Use redundancy when appropriate. Redundancy is when a system has a backup feature or service which can be utilised if the system is in an undesirable state. It can be implemented in many different ways depending on the type of system and can usually be active/active or active/standby in nature. Active systems utilise all resources to some extent during normal operation and usually load balance between themselves. Whereas active/passive system allow the active system to do the work and the passive to be in a standby mode, ready to take over in the event of a failure. Redundancy is important in almost all systems and can be used in many ways. Container-based systems can also utilise redundancy by load balancing across containers or pods. Capacity planning should be considered when planning for redundancy.
Plan capacity requirements. It is important when building a system to ensure you have enough computing capacity for the load you expect to receive. You should also have enough capacity to provide redundancy in case of failure. Planning for capacity can be difficult with new systems, because there isn’t usually any data available. Therefore, educated predictions must be made and the system must be built to scale rapidly, in case your prediction is off. Cloud based systems scale very well (they have elasticity built in) whereas on-premises systems can be more difficult.
Ensure scalability. Systems should ideally have elasticity as a primarily design property. That means they should be able to scale up and down rapidly as load changes, without any noticeable impact on the service. Scaling can be described as vertical or horizontal. Vertical scaling is usually less desirable and involves giving one system more resources (it can be useful for monolithic systems). Horizontal scaling is usually preferred and involved provisioning more instances of a system (this could be more EC2s, more containers etc).
Promote self-healing. Some systems can be built to support self-healing.

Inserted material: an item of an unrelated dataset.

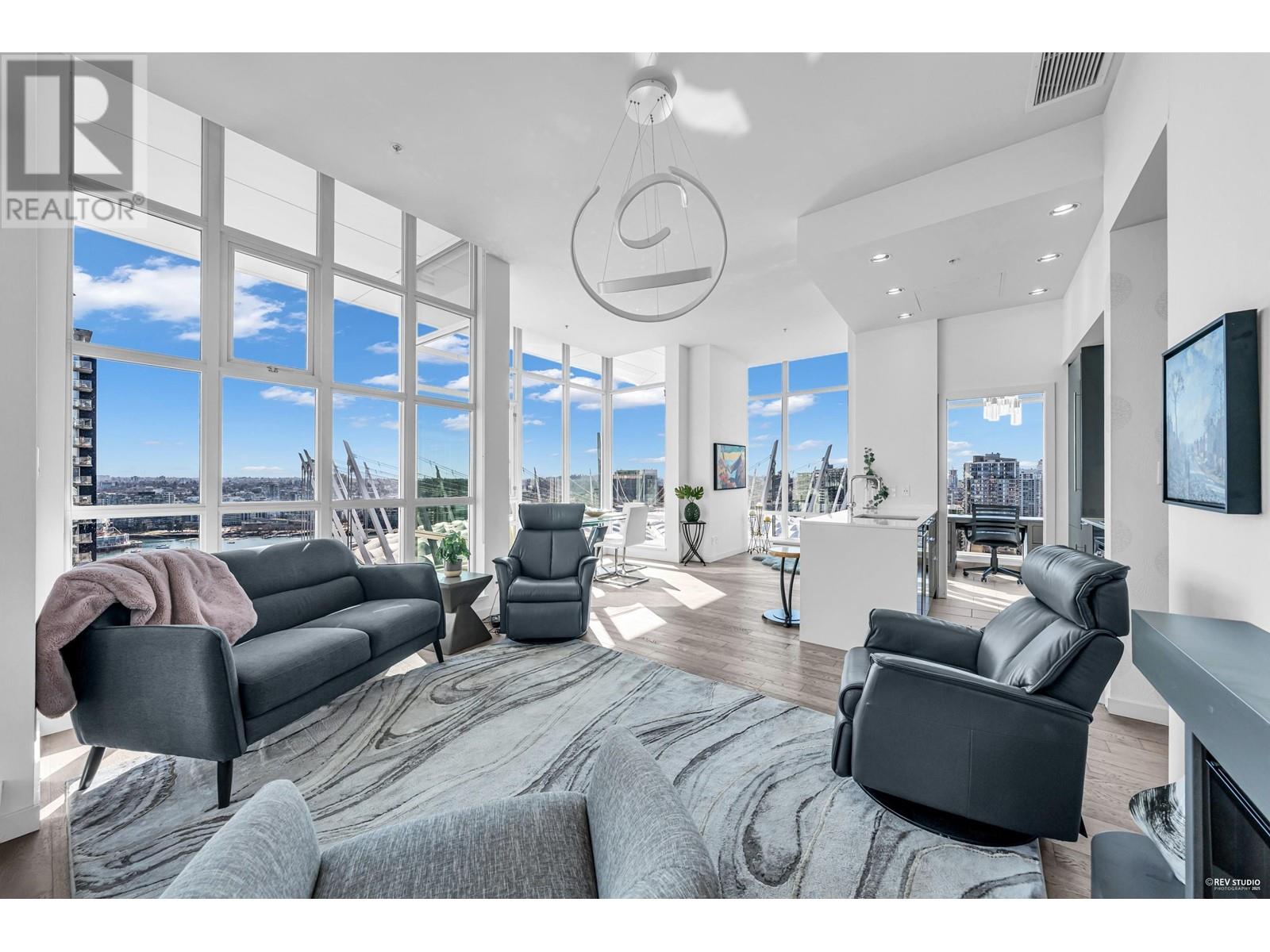 Listing Picture 4 of 40 : 2703 161 W GEORGIA STREET, Vancouver / 溫哥華 - 魯藝地產 Yvonne Lu Group - MLS Medallion Club Member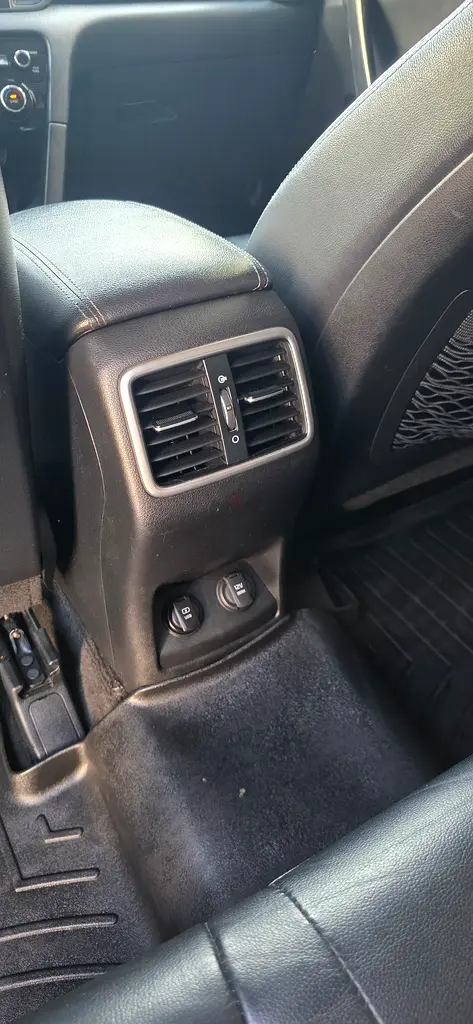 KIA Sportage EX 2018 – American Spec | Panoramic Sunroof | Excellent Condition - Image 18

This is common in container-based systems and allows containers to be monitored for a healthy state. If a container is found to be unhealthy, it can be terminated. At this point a scaling policy can be configured to enforce a minimum number of containers and once it realises that the state is now n -1, it will create a new instance of the terminated container. This allows the system to resolve issues itself and replace broken components.
Know what healthy means. Through the use of monitoring and data collection, know what the system should look like when it is in a healthy state. This may involve predictions at first with new systems, but data can then be gathered, and definitions can gradually evolve. Only by really understanding how the system should work, are we able to know when something is wrong.
Collect (the right) data. Many of the above points rely on some kind of data. Ensure that proper monitoring and log collection is established from the beginning and collect as much of the right data as possible. Whilst it’s better to have all of the data, rather than none of it, too much irrelevant data will make it hard to process and analyse. Decide which data will be valuable and collect it automatically. Routinely revisit the data and adjust the system based on what it is telling you.
Summary
Hopefully this post has given you some ideas for where to start when building highly available systems. This list of considerations is by no means complete and whilst many of the points in this article, should probably be considered for all systems. It is important to remember that there is rarely one correct solution in solutions architecture. Decide what is right for the system you are building and use data to drive decisions where possible. I frequently revisit designs and make changes based on new insight and I think that that is perfectly normal. Modern systems are never finished.